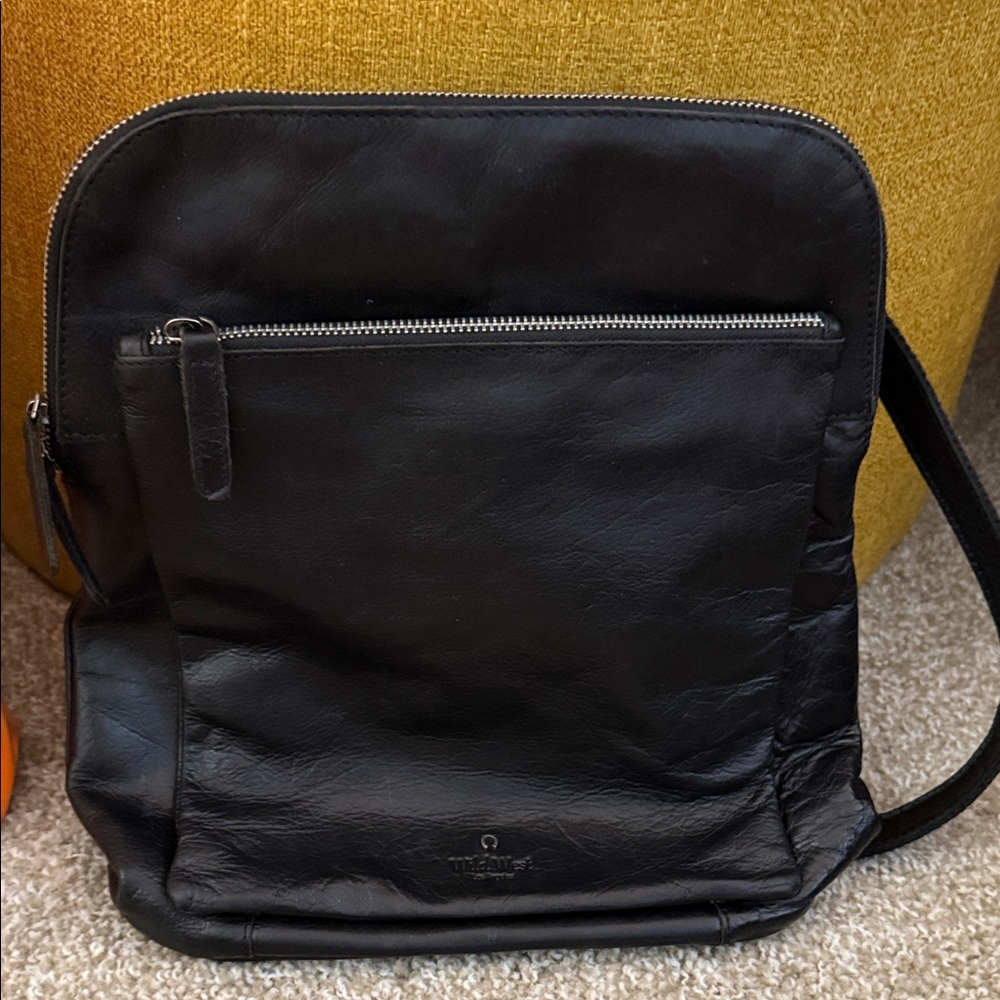 Wild West Black Genuine Leather Women’s Backpack/Crossbody Bag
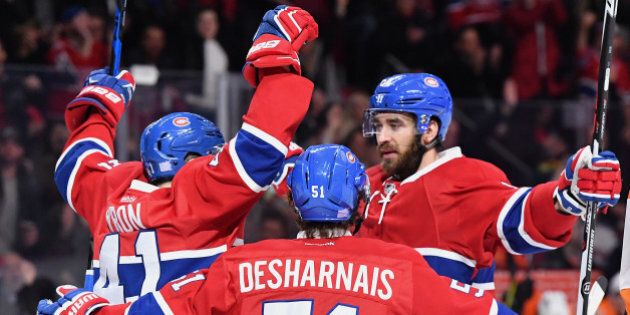 MONTREAL, QC - NOVEMBER 5: Greg Pateryn #8 of the Montreal Canadiens celebrates after scoring a goal against the Philadelphia Flyers in the NHL game at the Bell Centre on November 5, 2016 in Montreal, Quebec, Canada. (Photo by Francois Lacasse/NHLI via Getty Images)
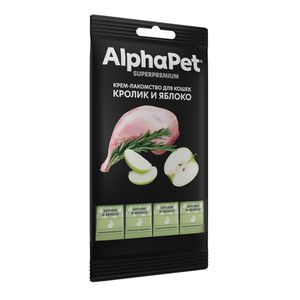 Крем-лакомство для кошек AlphaPet Superpremium с кроликом и яблоком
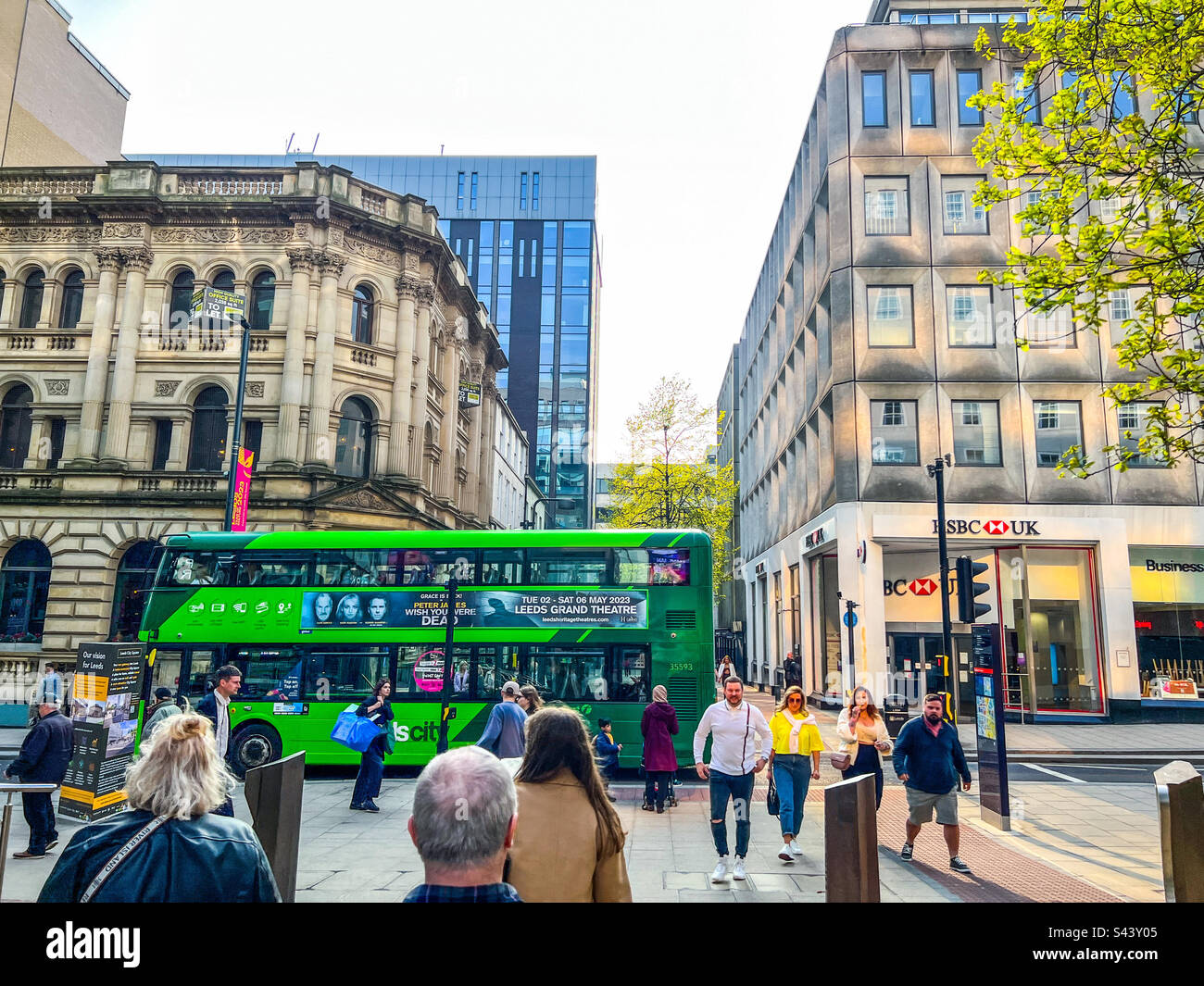Green bus on Park Row in Leeds city centre - Smartphone Captured Stock Image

___

> Exercise:
Set down the data again, exactly, without images.

> Answer for this exercise:
 Wild West Black Genuine Leather Women’s Backpack/Crossbody Bag
 MONTREAL, QC - NOVEMBER 5: Greg Pateryn #8 of the Montreal Canadiens celebrates after scoring a goal against the Philadelphia Flyers in the NHL game at the Bell Centre on November 5, 2016 in Montreal, Quebec, Canada. (Photo by Francois Lacasse/NHLI via Getty Images)
 Крем-лакомство для кошек AlphaPet Superpremium с кроликом и яблоком
Green bus on Park Row in Leeds city centre - Smartphone Captured Stock Image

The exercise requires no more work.